Extract the line that contains "Todd Young profile photo" and every line after it through the end of the records below, exactly as written, leaving out any pictures.

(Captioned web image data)
"""
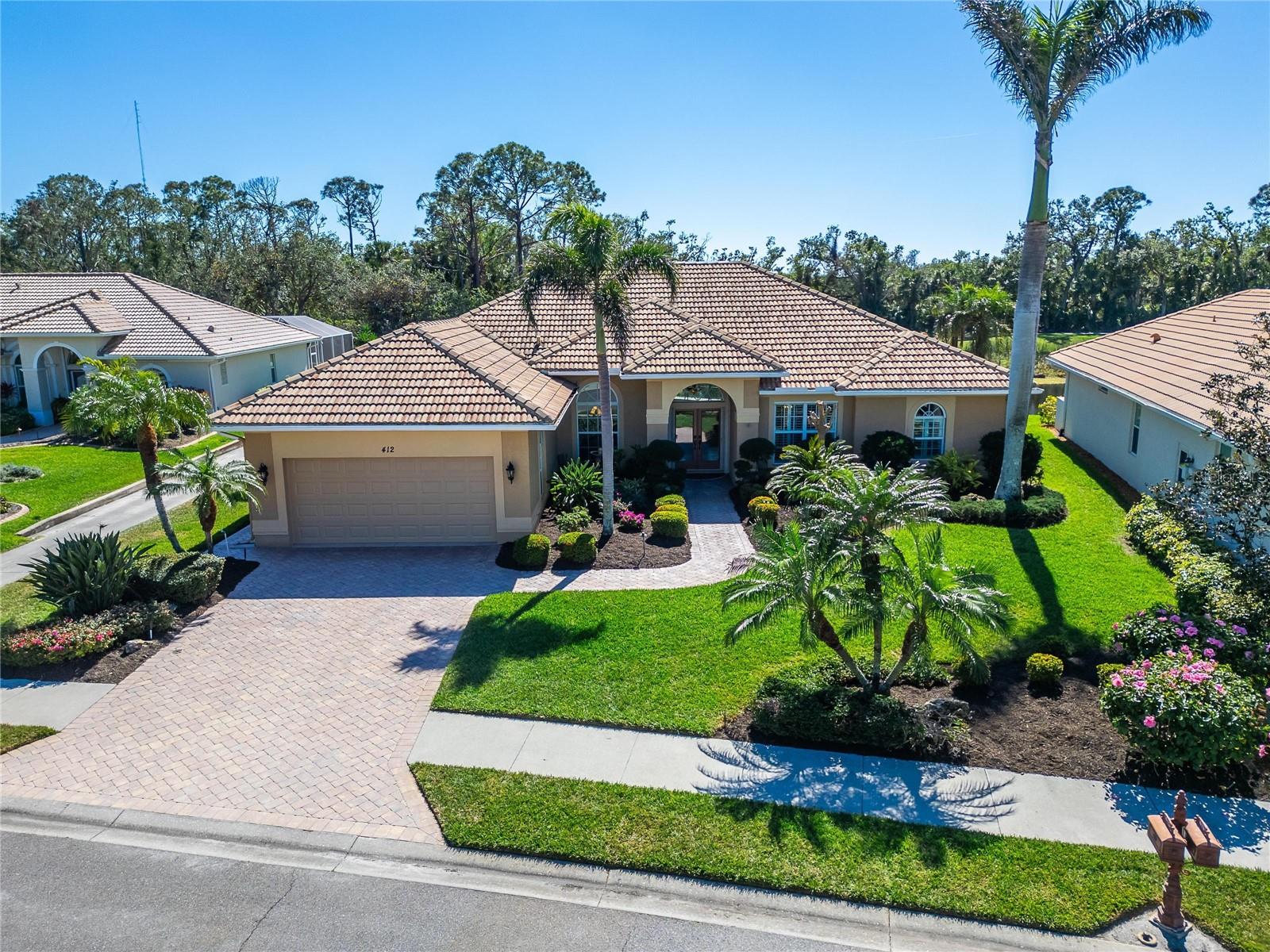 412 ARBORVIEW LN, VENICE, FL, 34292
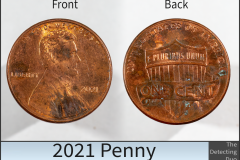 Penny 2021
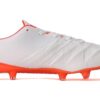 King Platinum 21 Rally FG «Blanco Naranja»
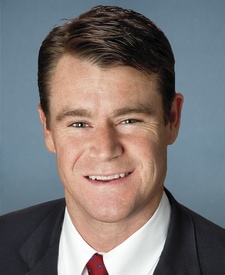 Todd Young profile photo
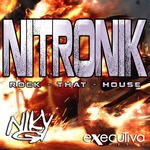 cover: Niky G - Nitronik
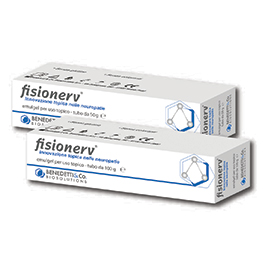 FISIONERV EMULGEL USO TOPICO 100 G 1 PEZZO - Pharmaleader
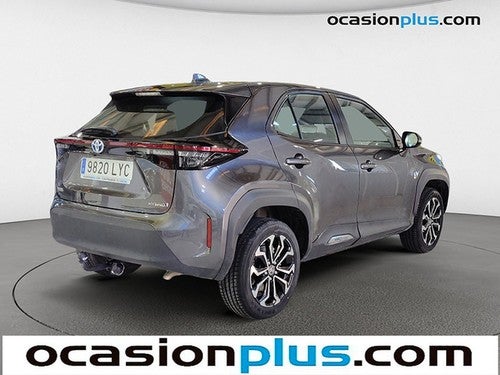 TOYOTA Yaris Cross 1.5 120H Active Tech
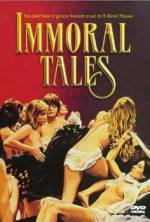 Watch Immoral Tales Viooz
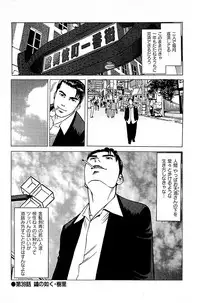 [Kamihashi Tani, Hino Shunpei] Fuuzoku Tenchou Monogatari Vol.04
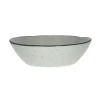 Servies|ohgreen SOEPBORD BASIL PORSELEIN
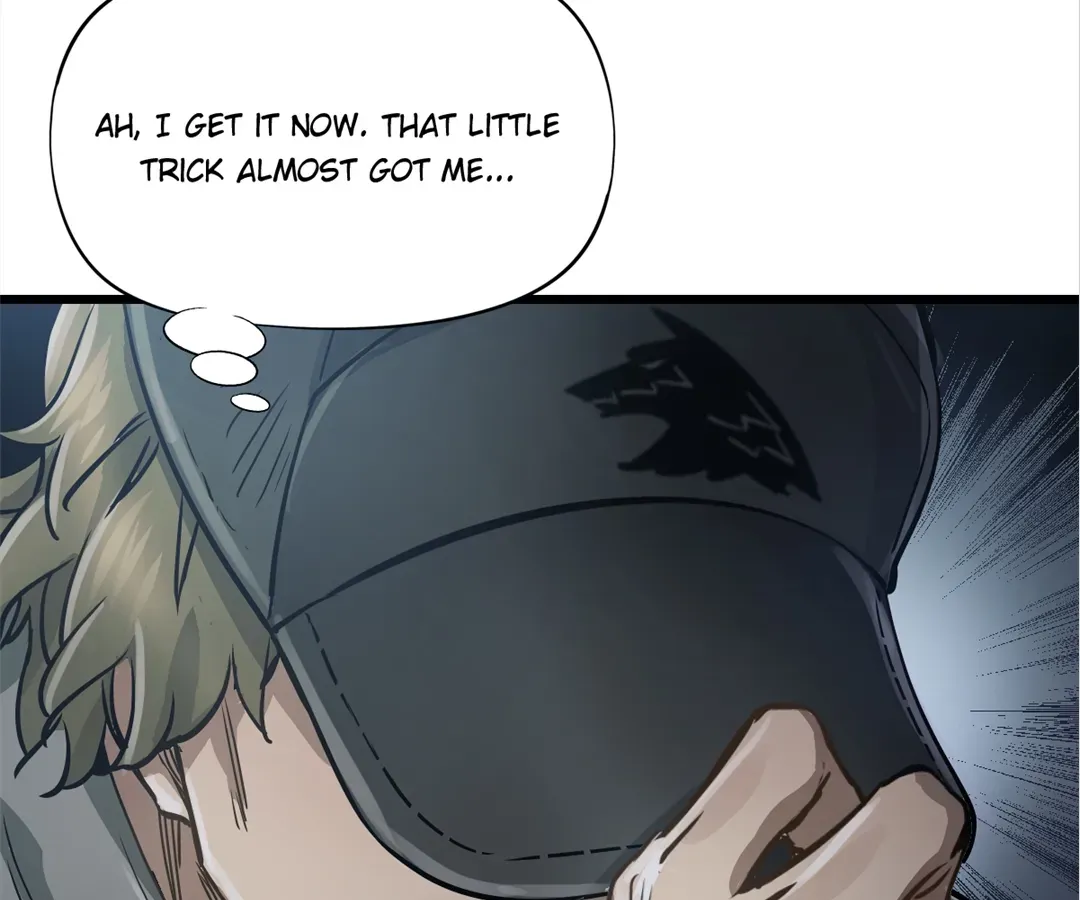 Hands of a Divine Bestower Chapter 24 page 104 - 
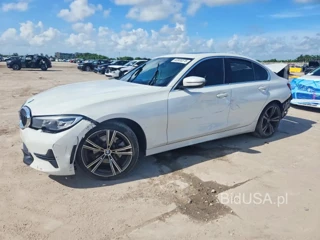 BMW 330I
"""
**WRITTEN ANSWER:**
 Todd Young profile photo
 cover: Niky G - Nitronik
 FISIONERV EMULGEL USO TOPICO 100 G 1 PEZZO - Pharmaleader
 TOYOTA Yaris Cross 1.5 120H Active Tech
 Watch Immoral Tales Viooz
 [Kamihashi Tani, Hino Shunpei] Fuuzoku Tenchou Monogatari Vol.04
 Servies|ohgreen SOEPBORD BASIL PORSELEIN
 Hands of a Divine Bestower Chapter 24 page 104 - 
 BMW 330I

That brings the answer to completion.